# ZT 7000 will not start



## utfd701 (May 20, 2012)

Thanks in advance for any and all help!
I have a ZT7000 with a Kohler 18hp single cylinder CV492S. Mower just died while mowing, no strange noises. Good Spark, fuel pump functions, carb and fuel solenoid functioning. Compression is 62.5 psi and holds for at least a minute. I have no idea where to go from here, help?


----------



## Bill Kapaun (May 8, 2007)

Post the Sears number. Should be something like 917.xxxxxx or 536.xxxxxx or similar format.

Loosen gas cap for a few seconds to see if it's a clogged tank vent issue.

Try priming carb with a couple teaspoons worth of gas and see if it fires.


----------



## utfd701 (May 20, 2012)

Model 107.277700
Priming does not work, gas cap thing does not either.


----------



## wjjones (May 28, 2010)

utfd701 said:


> Model 107.277700
> Priming does not work, gas cap thing does not either.

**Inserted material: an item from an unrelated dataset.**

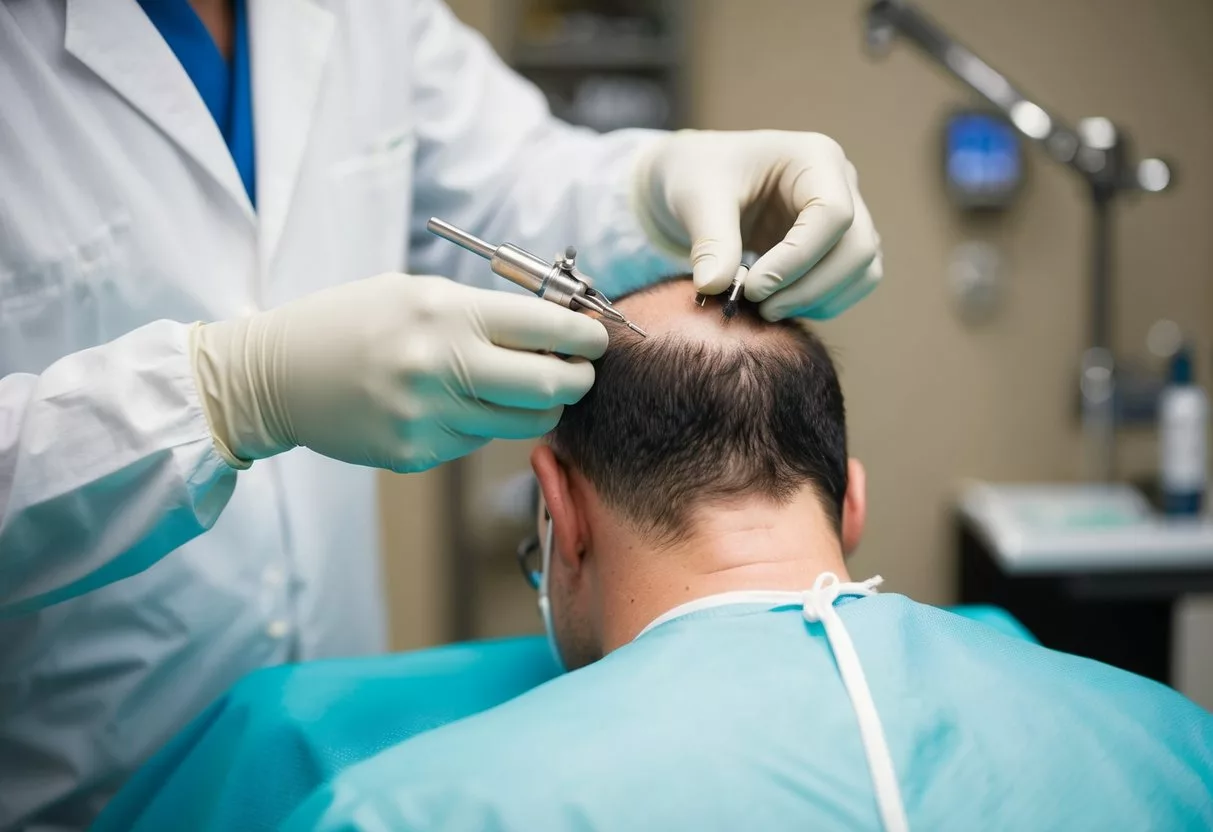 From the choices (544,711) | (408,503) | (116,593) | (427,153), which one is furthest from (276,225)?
(408,503)

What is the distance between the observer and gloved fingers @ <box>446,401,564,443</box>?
3.31 ft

Have you checked your safety switches? Seat, lap bars, brake, etc.


----------



## Bill Kapaun (May 8, 2007)

I'm stumped???
IF it has spark, priming should get it to fire briefly.

About the only thing I can suggest is to remove the valve cover on the engine and make sure the push rods are moving the valves as the engine rotates.

Even if the ignition timing was off. one would expect some kind of "pop".


----------



## wjjones (May 28, 2010)

Bill Kapaun said:


> I'm stumped???
> IF it has spark, priming should get it to fire briefly.
> 
> About the only thing I can suggest is to remove the valve cover on the engine and make sure the push rods are moving the valves as the engine rotates.
> ...



Yep maybe the shear key??


----------



## utfd701 (May 20, 2012)

This mower has now been moved to the rainy day project group. Just have too many things going on to dig into right now. Thankfully I do have a back up tractor. 
Things on my list to check, pull valve cover check rods, Check keys (though this may be a reach, but possible). All else fails pull the head to inspect piston, rings and cylinder walls. Thanks for the replies on this, assured me I may be thinking correctly on this.


----------



## wjjones (May 28, 2010)

utfd701 said:


> This mower has now been moved to the rainy day project group. Just have too many things going on to dig into right now. Thankfully I do have a back up tractor.
> Things on my list to check, pull valve cover check rods, Check keys (though this may be a reach, but possible). All else fails pull the head to inspect piston, rings and cylinder walls. Thanks for the replies on this, assured me I may be thinking correctly on this.



Let us know what you find out, and if we can be of any help we can bounce ideas back, and forth until we figure it out......


----------



## utfd701 (May 20, 2012)

Absolutely, thank you!


----------